Although there may be up to 1 million Korean family members directly affected by international adoption, these family members are rarely heard from(4); the adoption program that presumably “saved” children from miserable lives in Korea and that now “saves” unwed mothers from raising their own children has also rendered them socially dead in the process. These social deaths, accomplished by dis-embedding children from their families, exiling them from their country, and changing their names, birthdates, hometowns, and social histories, have been facilitated by the “justice” ministry and the ministry of health, welfare and “family,” as well as the adoption agencies’ web of orphanages, unwed mother’s homes, and the Korean healthcare providers who pressure women into relinquishing children and who have the power to cover up the adoptions. (5)

And FINALLY! It’s HERE: A Visual History of Adopted Koreans in Minnesota !! From the Yeong & Yeong website:

Why HERE? Our story: Minnesota has one of the highest number of adopted Koreans, per capita, in the world, and yet there is nothing in our state’s annals to document this. This book was conceived to recognize the 13,000–15,000 of us who have immigrated to Minnesota, and to celebrate our existence, experiences, and perspectives, which are as diverse as our faces.
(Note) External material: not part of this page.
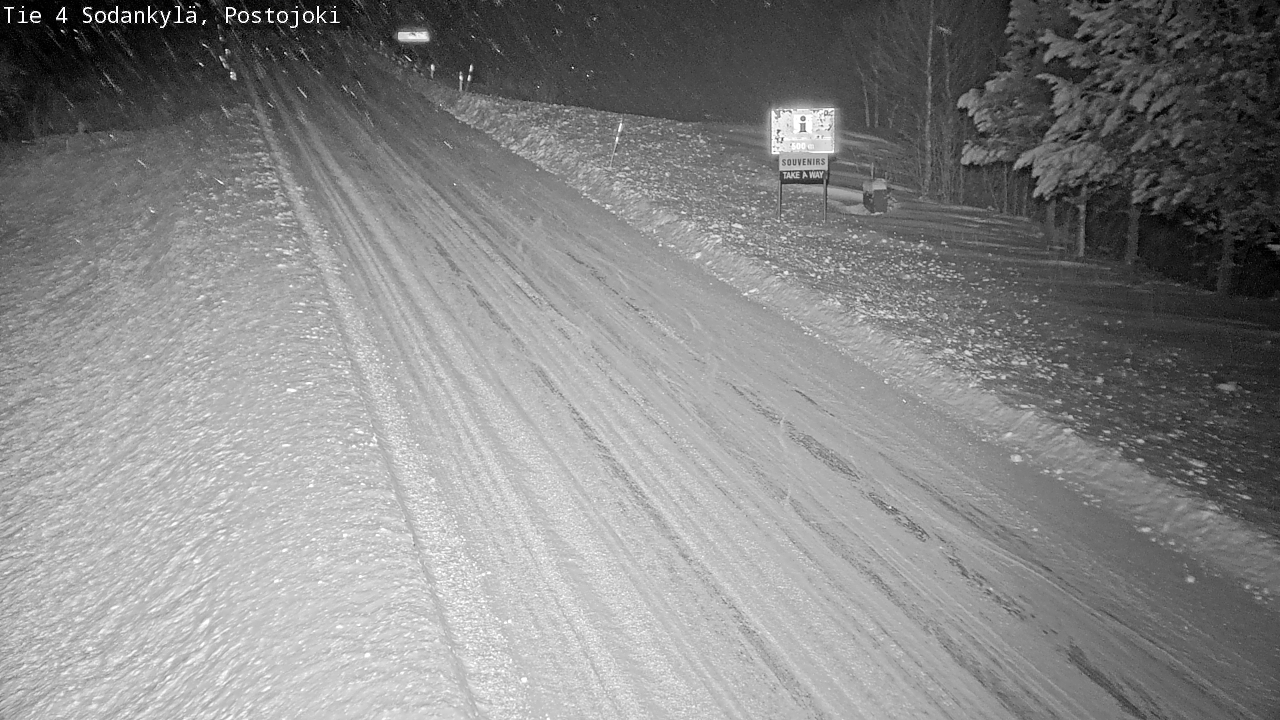 Weather Camera Image Road 4 Sodankylä, Postojoki, Sodankylä, Lappi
We are everyday people, yet unique. We are girls, boys, women, men, babies, teens, and adults; singles, partnered, married, gay, straight, and transgendered; sons and daughters, mothers and fathers. We are a living, breathing part of Minnesota history. This book has no agenda—it is neither for nor against international adoption. We merely present the spectrum of our adopted community and how we have altered the face of Minnesota since the 1950s. Most important, we felt the urgent need to create this book as a resource not only for the present population, but also for future adoptees. After all, many of us do not have access to our Korean families and ancestry, and this book may provide the only touchstone many of us will ever have.

Congratulations to Kim Dalros and Heewon Lee for making this book a reality!